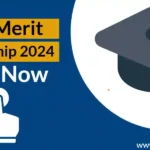 NEC Merit Scholarship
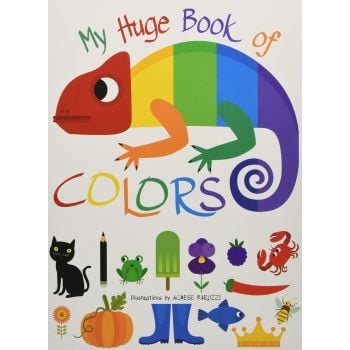 MY HUGE BOOK OF COLOURS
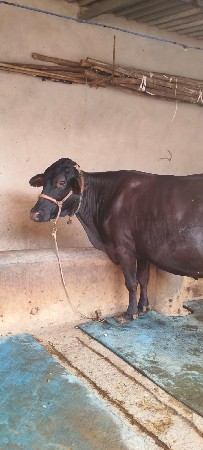 એચ એફ ક્રોસ ગાય વેચવાની છે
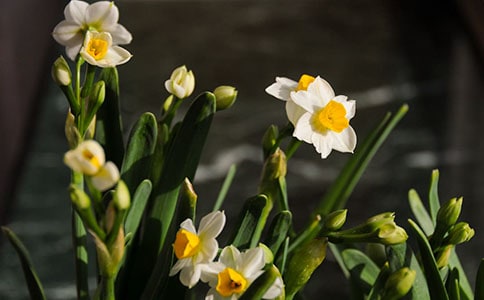 ˮ���^����ӛ800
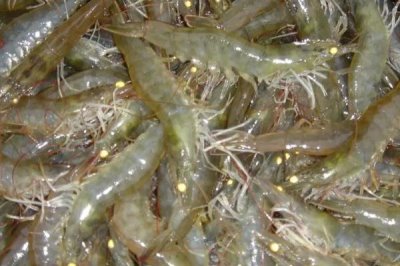 室内水产养殖项目,好养又赚钱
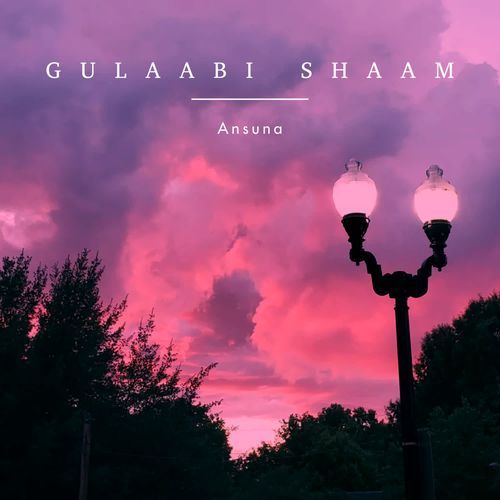 Gulaabi Shaam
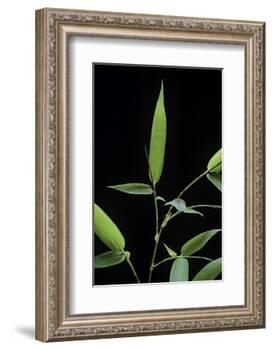 Bamboo Leaf-Paul Starosta-Framed Photographic Print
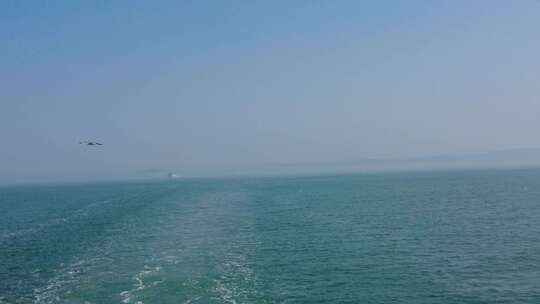 蓝色海洋大海海鸥岛屿浪花风景航拍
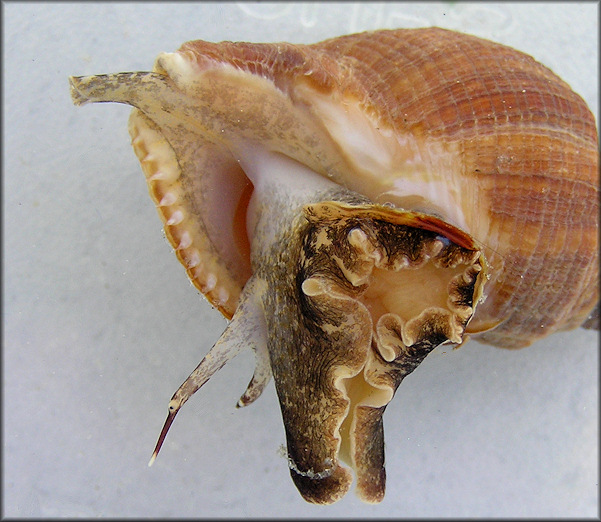 Stramonita haemastoma (Linnaeus, 1767) Florida Rocksnail Color Variety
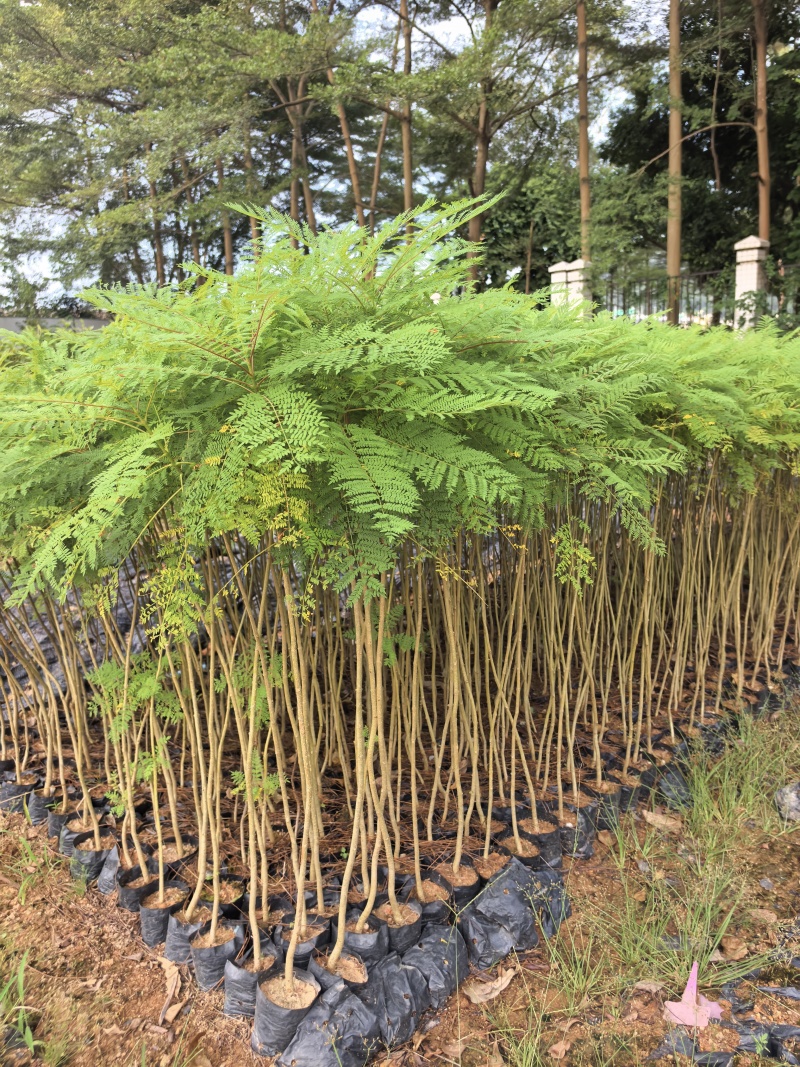 蓝花楹庭院绿植自家基地直供量大价格优惠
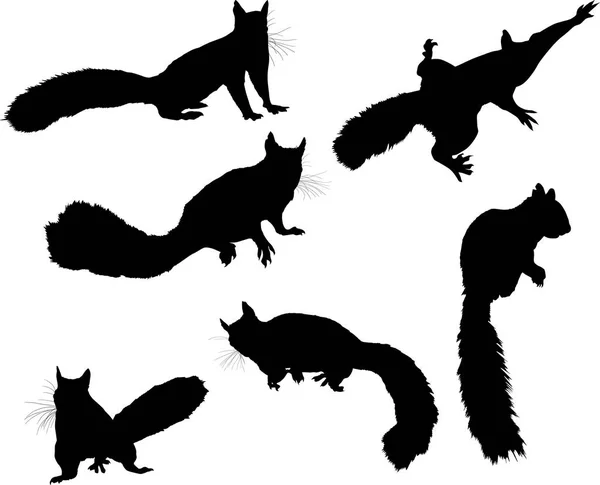 图上有6只松鼠在白色背景上被隔离 — 图库矢量图片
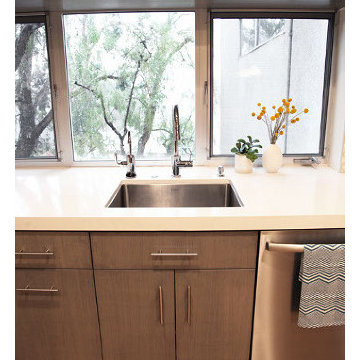 Contemporary Kitchen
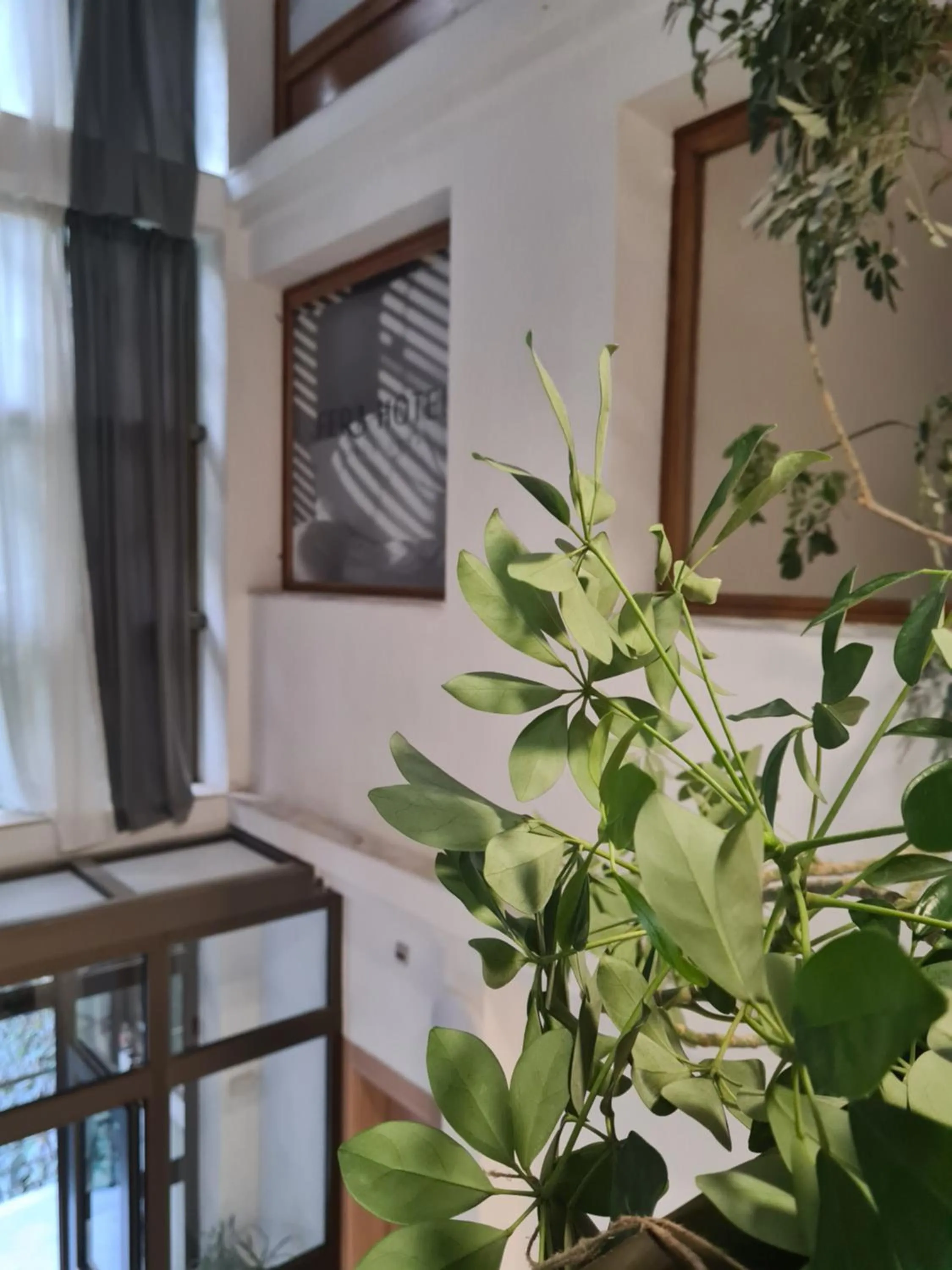 Decorative detail in Fera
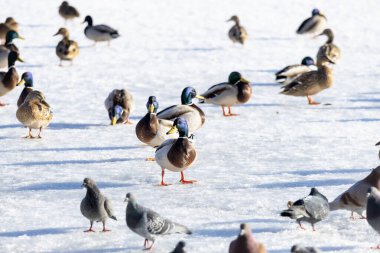 2026 gölündeki ördekler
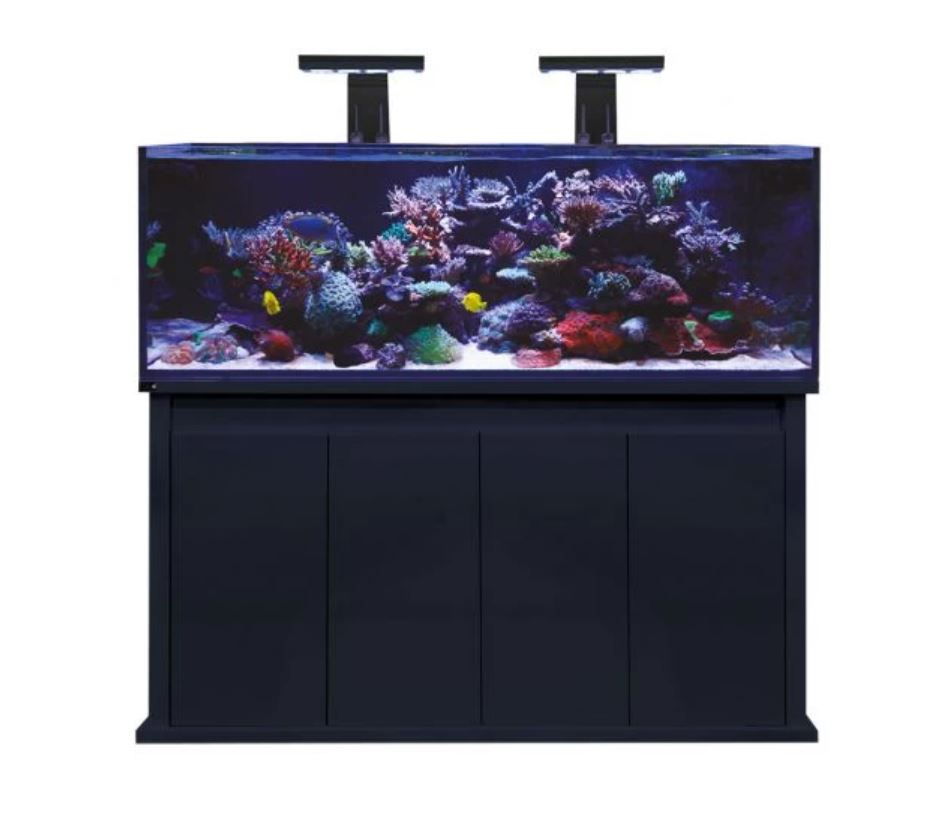 Reef Pro Gloss Black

- **Required action**
Please copy exactly the lines from the one containing "室内水产养殖项目,好养又赚钱" through the end of the records above, leaving out every picture.

- **Task response**
 室内水产养殖项目,好养又赚钱
 Gulaabi Shaam
 Bamboo Leaf-Paul Starosta-Framed Photographic Print
 蓝色海洋大海海鸥岛屿浪花风景航拍
 Stramonita haemastoma (Linnaeus, 1767) Florida Rocksnail Color Variety
 蓝花楹庭院绿植自家基地直供量大价格优惠
 图上有6只松鼠在白色背景上被隔离 — 图库矢量图片
 Contemporary Kitchen
 Decorative detail in Fera
 2026 gölündeki ördekler
 Reef Pro Gloss Black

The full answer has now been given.